Many were not as fortunate as Barry; some were the relatives of republican icons, but such a family connection was not always a guarantee of material comfort.
This was painfully evident in the case of Brigid Treacy, the mother of Seán Treacy, the Tipperary IRA volunteer killed in 1920. Brigid was a claimant under the Army Pensions Act 1923 and also crossed swords with the Pensions Board.
She was living on a small holding of 14 acres in Tipperary and was offered a gratuity of £100 per year which she refused, and responded: “£100 for the life of Sean Treacy?.. A few lines to let you know of the humiliation I have experienced this morning at receiving the enclosed paper offering me the paltry sum of £100, for the loss of my noble son my only child and only help in this wicked world... had I to beg from door to door for the remainder of my life I could not nor would not accept the meagre sum of £100, for the life of my heroic son.”
“The Army Pensions Board must have a goodly mixture of the old hated class in it or I would not be so humiliated by them or E[rnest]. Blythe [the minister for finance]... other men will do justice to my son’s worth and character and protect me from the insults I am receiving.”
The gratuity on offer was later raised to £150, the maximum allowable, due to “special circumstances”. She was described in administrative correspondence as “an old feeble woman and Seán Treacy was her only son”.
Some applicants had to endure years of waiting, frustration, and tortuous correspondence, often with no positive outcome. The tone of many of their letters conveys anger with seemingly endless bureaucratic inertia.
An added insult to many, to their genuine dismay, was that their services and sacrifices were not officially recognised, sometimes because of the verifying the exact level of service or number of military engagements. Poverty formed the backdrop to many cases considered, which gave an added urgency to appeals.
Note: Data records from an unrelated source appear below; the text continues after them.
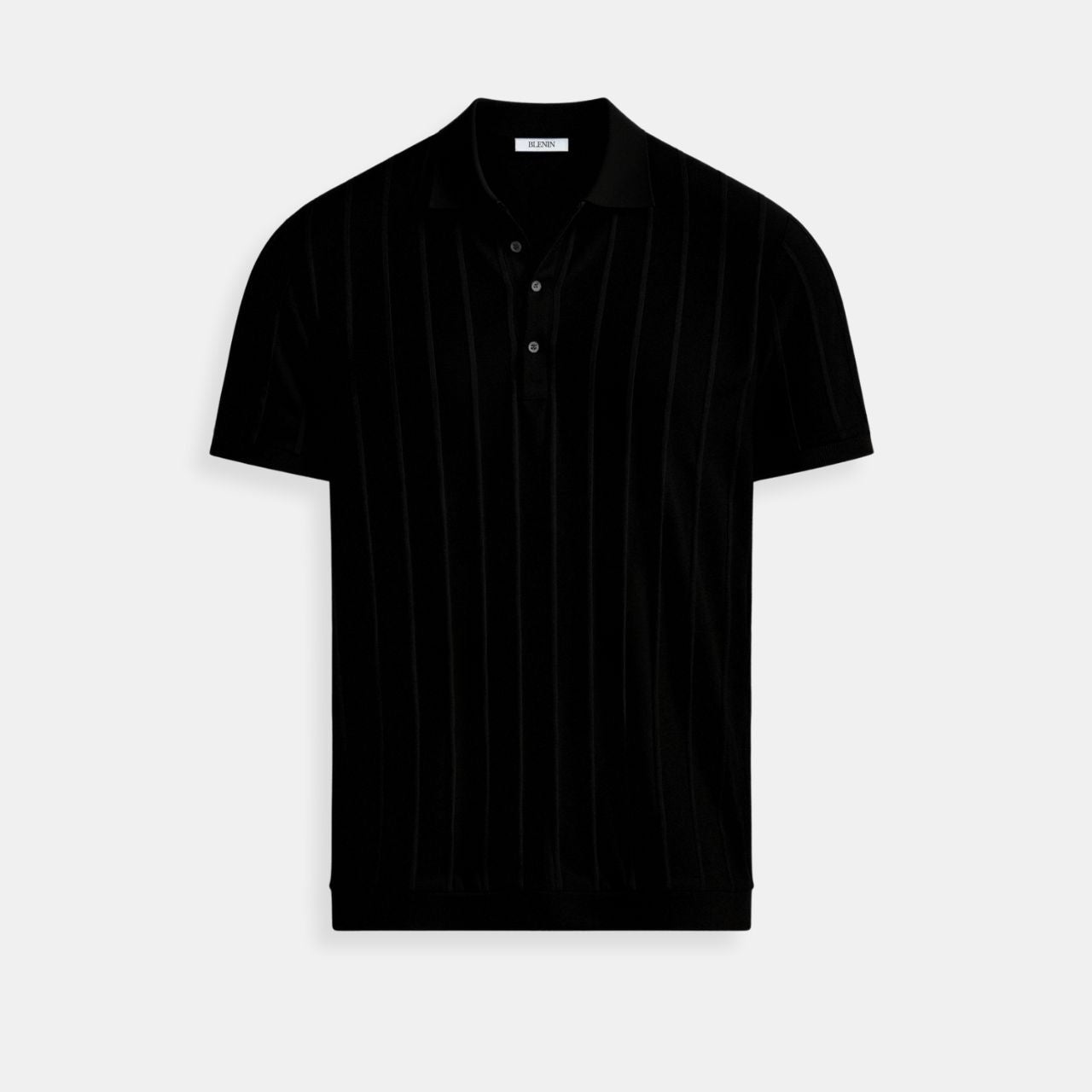 Polo Shirt – Vertical Stripe Placket & Streamlined Fit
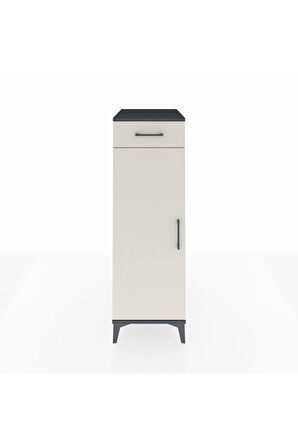 Kronos Dolap 2 Raflı Tek Çekmeceli Tek Kapaklı 44x59x134 Antrasit-Aytaşı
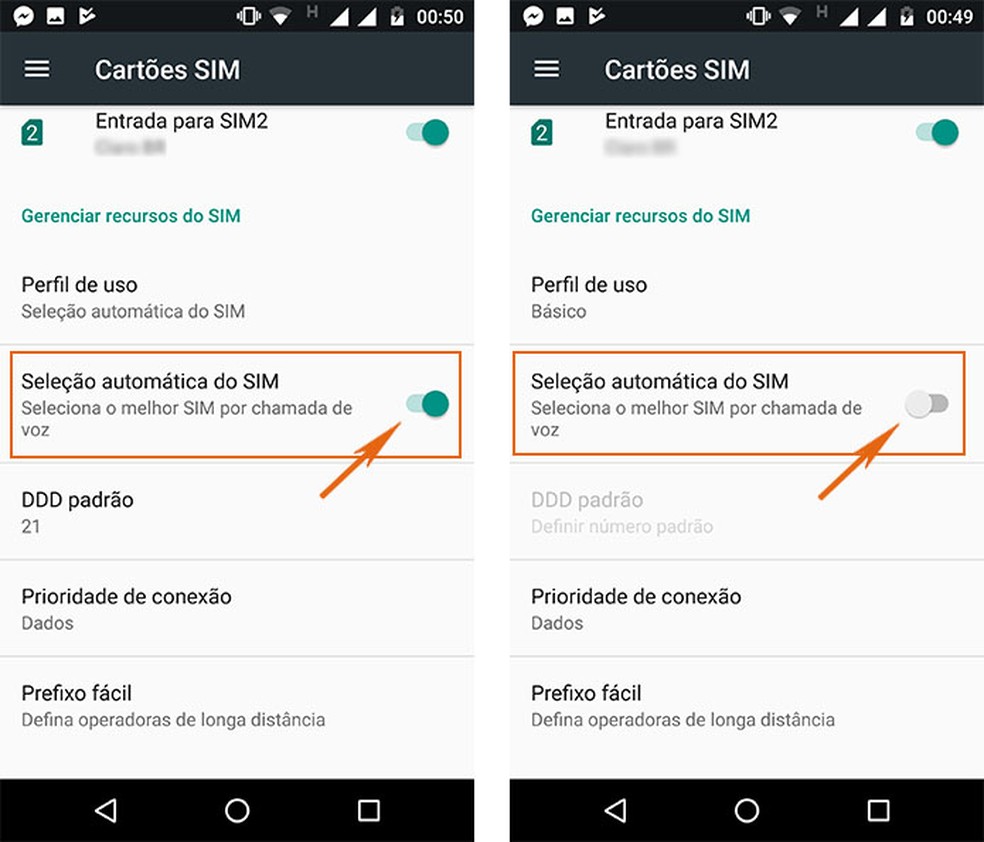 Ative ou desligue a seleção automática do SIM no Android (Foto: Reprodução/Barbara Mannara)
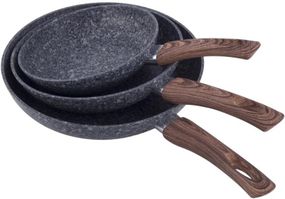 Набір 3 сковороди Kamille Grey Marble 20см, 24см, 28см, індукційні з антипригарним покриттям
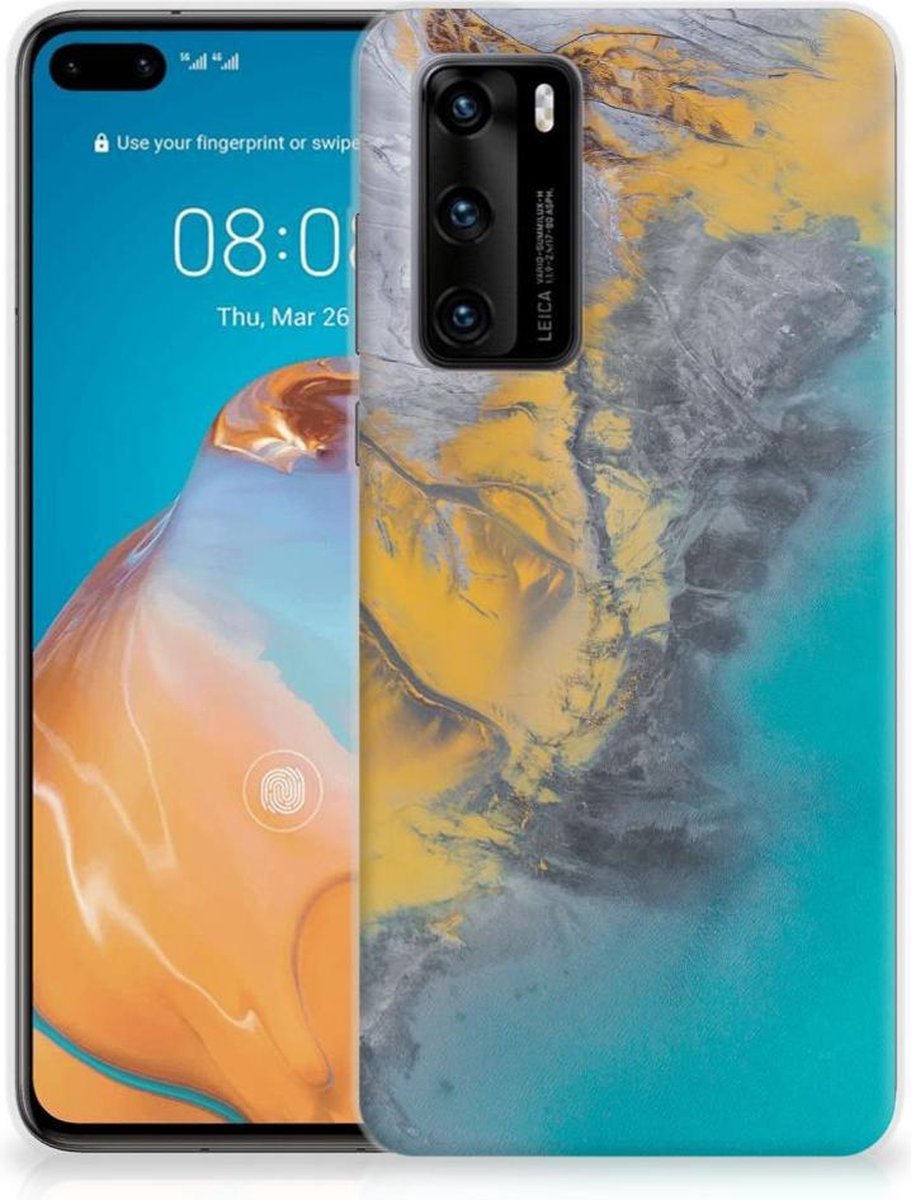 Huawei P40 TPU Siliconen Hoesje Marble Blue Gold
Others who were disappointed with the decisions about their rank expressed their dismay but did not pursue an appeal, being well aware how long the process could take. As John Scollan from Drumcondra in Dublin put it in May 1938: “The question of rank is certainly disappointing. As I am now 62 years of age, it would only delay matters considerably if I were to appeal. This I am not going to do.”
Scollan had been director of organisation, intelligence, and munitions for the Hibernian Rifles and a member of the executive council of Sinn Féin.
He had, at various stages, been a prisoner in Frongoch, Wandsworth, Wormwood Scrubs, and Reading jails. Although he made his statement in October 1935, he had still heard nothing by November 1936. In May 1938, he was informed his pension would be £20 per annum.
Understandably, at a time of high unemployment, economic stagnation, and very limited prospects for the next generation, the issue of dependency permeates the pension files. In 1946, the 34-year-old daughter of an army pension recipient who had recently died asked the Department of Defence if her father’s last cheque could be made payable to her.
“ I am absolutely dependent for my support on my father’s pension,” she wrote.
“I should also like to point out that I am an invalid for over twelve years and I am not in receipt of any monies from any source whatsoever. I am unable to work, I get no relief or insurance benefits, and I have nothing left out of my death policy as any money received went to pay doctors for my father’s illness and funeral expenses. My brother in law has asked me to live with him for the future.”
The sum was paid to her as requested; it amounted to 13 shillings and nine pence. For those seeking to eke out a bare subsistence in the 1930s and 1940s, every penny generated by War of Independence service was precious.